[Data extracted from a collection]
◆ ◆ ◆ ◆ ◆
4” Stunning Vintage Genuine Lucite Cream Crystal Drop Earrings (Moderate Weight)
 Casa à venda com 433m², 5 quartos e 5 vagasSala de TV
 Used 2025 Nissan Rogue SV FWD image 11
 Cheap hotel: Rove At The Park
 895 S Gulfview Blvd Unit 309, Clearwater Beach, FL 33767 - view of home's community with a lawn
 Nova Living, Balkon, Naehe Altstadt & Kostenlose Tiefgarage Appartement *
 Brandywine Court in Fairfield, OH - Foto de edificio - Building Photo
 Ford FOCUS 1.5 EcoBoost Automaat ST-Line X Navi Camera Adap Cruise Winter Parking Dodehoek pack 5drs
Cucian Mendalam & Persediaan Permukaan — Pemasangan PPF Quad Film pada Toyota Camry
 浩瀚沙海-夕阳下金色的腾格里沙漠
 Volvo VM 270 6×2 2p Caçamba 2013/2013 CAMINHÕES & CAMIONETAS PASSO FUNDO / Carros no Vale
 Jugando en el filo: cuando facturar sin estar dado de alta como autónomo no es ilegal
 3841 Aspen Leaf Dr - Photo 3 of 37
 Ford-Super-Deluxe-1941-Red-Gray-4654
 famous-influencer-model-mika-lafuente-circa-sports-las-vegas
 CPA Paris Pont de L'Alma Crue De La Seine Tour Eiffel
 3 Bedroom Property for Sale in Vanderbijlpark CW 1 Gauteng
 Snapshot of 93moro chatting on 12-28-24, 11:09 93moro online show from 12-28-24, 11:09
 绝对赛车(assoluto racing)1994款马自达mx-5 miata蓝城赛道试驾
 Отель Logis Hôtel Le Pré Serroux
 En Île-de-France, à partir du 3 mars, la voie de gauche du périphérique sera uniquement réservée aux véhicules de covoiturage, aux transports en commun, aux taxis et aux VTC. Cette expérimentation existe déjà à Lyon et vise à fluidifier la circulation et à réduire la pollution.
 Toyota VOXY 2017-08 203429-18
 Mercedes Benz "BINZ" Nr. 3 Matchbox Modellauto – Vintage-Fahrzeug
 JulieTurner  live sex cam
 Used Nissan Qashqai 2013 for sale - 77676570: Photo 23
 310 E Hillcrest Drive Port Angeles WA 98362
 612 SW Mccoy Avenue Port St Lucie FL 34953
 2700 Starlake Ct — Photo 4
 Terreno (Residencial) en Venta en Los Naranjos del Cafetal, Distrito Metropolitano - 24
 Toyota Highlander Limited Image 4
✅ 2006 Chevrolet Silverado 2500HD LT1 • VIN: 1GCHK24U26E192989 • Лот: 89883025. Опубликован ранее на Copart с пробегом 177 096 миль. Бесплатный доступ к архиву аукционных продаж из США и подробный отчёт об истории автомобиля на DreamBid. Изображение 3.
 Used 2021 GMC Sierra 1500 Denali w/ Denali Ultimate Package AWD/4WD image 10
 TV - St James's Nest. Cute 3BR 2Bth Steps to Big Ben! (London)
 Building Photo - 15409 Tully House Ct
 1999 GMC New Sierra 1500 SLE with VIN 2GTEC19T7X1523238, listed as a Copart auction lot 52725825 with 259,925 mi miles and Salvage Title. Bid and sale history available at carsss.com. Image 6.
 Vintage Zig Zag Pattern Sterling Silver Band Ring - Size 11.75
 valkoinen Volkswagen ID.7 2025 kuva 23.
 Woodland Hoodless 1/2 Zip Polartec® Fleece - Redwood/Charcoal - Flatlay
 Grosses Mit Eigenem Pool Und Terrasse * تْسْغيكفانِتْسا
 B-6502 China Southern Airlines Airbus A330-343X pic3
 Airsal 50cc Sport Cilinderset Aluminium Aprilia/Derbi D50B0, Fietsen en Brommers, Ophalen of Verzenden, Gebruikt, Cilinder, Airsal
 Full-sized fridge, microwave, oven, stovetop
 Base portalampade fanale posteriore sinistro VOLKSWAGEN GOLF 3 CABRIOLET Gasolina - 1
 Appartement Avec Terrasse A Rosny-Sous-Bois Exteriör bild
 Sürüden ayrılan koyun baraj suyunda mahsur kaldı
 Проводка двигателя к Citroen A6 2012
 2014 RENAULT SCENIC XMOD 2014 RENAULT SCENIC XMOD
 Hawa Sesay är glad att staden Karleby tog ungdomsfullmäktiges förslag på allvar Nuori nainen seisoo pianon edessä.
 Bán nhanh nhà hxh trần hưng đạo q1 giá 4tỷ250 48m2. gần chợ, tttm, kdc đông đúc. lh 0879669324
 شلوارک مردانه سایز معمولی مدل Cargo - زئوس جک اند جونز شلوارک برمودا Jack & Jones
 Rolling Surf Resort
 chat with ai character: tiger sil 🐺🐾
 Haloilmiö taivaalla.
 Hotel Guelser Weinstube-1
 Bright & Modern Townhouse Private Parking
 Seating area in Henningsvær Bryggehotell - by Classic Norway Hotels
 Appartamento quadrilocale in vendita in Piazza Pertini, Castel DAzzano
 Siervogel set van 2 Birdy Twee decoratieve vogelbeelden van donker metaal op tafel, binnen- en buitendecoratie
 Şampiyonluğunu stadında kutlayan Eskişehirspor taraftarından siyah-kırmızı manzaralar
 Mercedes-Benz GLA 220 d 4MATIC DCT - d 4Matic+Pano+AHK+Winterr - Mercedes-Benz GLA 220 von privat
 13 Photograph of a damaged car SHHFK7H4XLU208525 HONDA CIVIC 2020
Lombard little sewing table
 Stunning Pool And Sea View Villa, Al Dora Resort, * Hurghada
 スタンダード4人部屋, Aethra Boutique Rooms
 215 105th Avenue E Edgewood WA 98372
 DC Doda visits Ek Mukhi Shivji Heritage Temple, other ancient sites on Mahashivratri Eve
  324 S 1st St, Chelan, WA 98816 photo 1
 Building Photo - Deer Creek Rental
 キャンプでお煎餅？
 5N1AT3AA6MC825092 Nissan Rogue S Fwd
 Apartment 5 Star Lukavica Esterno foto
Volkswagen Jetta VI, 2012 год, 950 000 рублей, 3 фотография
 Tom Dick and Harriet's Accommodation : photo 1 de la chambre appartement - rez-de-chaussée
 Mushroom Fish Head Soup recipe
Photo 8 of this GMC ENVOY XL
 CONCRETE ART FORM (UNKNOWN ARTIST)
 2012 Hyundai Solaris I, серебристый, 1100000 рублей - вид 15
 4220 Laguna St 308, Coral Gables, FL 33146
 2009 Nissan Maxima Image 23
◆ ◆ ◆ ◆ ◆
### Task goal
Looking at the records above, return exactly the lines from the line with "Used 2021 GMC" to the line with "Grosses Mit Eigenem", both ends included.

### Answer to this problem
 Used 2021 GMC Sierra 1500 Denali w/ Denali Ultimate Package AWD/4WD image 10
 TV - St James's Nest. Cute 3BR 2Bth Steps to Big Ben! (London)
 Building Photo - 15409 Tully House Ct
 1999 GMC New Sierra 1500 SLE with VIN 2GTEC19T7X1523238, listed as a Copart auction lot 52725825 with 259,925 mi miles and Salvage Title. Bid and sale history available at carsss.com. Image 6.
 Vintage Zig Zag Pattern Sterling Silver Band Ring - Size 11.75
 valkoinen Volkswagen ID.7 2025 kuva 23.
 Woodland Hoodless 1/2 Zip Polartec® Fleece - Redwood/Charcoal - Flatlay
 Grosses Mit Eigenem Pool Und Terrasse * تْسْغيكفانِتْسا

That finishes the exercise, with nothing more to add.